### EXERCISE INSTRUCTIONS
Output, exactly as written, the lines below from the one that has "Lauren Ralph Lauren" through the one that has "San Diego FootWhere®"; nothing else, and no pictures.

### RECORDS TO PROCESS
☆ ☆ ☆ ☆ ☆

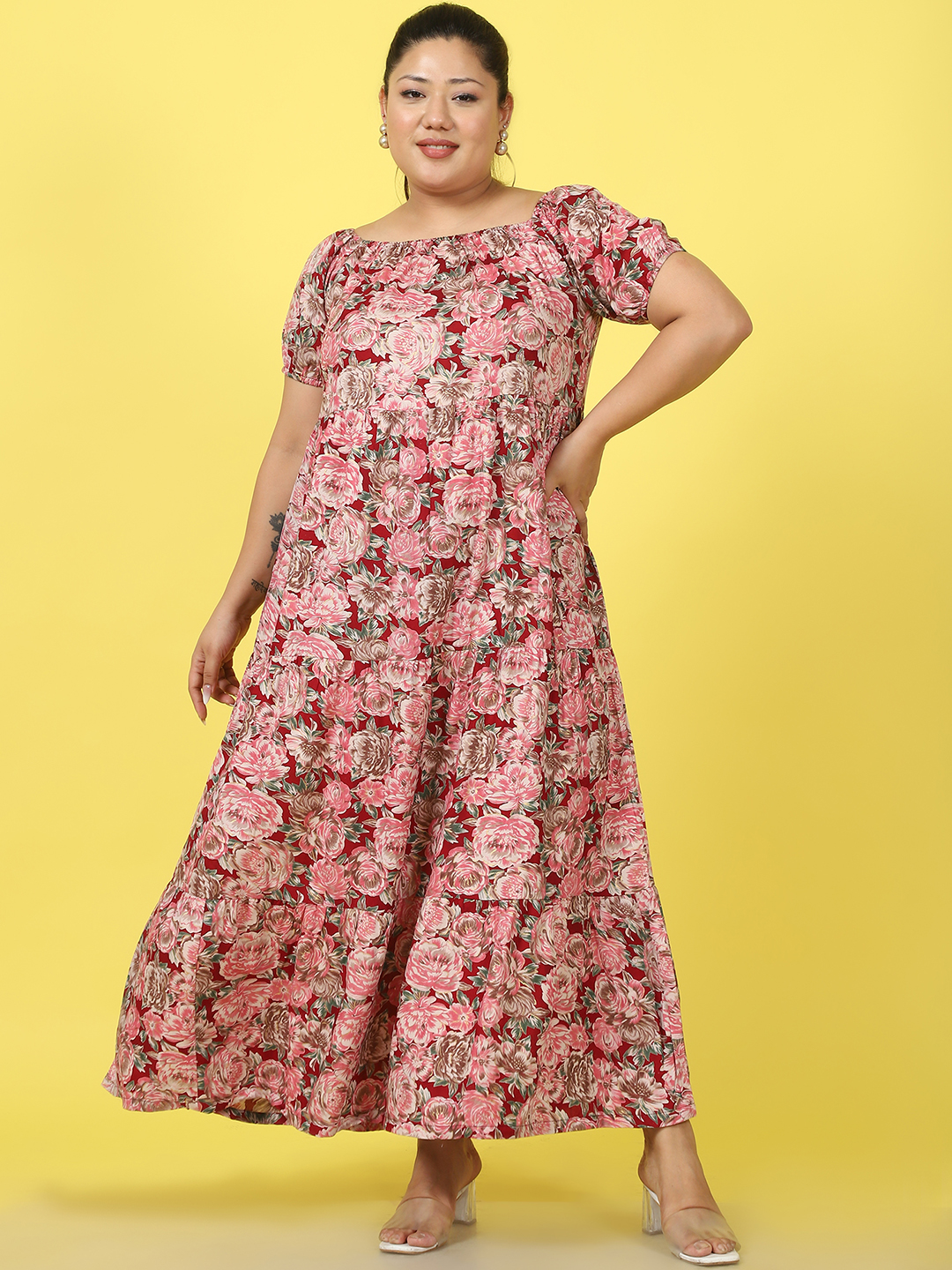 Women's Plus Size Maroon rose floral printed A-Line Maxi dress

☆ ☆ ☆ ☆ ☆

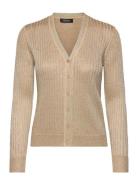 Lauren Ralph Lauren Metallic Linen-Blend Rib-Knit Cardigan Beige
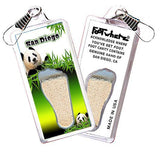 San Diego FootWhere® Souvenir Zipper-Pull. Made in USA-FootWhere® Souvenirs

☆ ☆ ☆ ☆ ☆

### YOUR SOLUTION
 Lauren Ralph Lauren Metallic Linen-Blend Rib-Knit Cardigan Beige
 San Diego FootWhere® Souvenir Zipper-Pull. Made in USA-FootWhere® Souvenirs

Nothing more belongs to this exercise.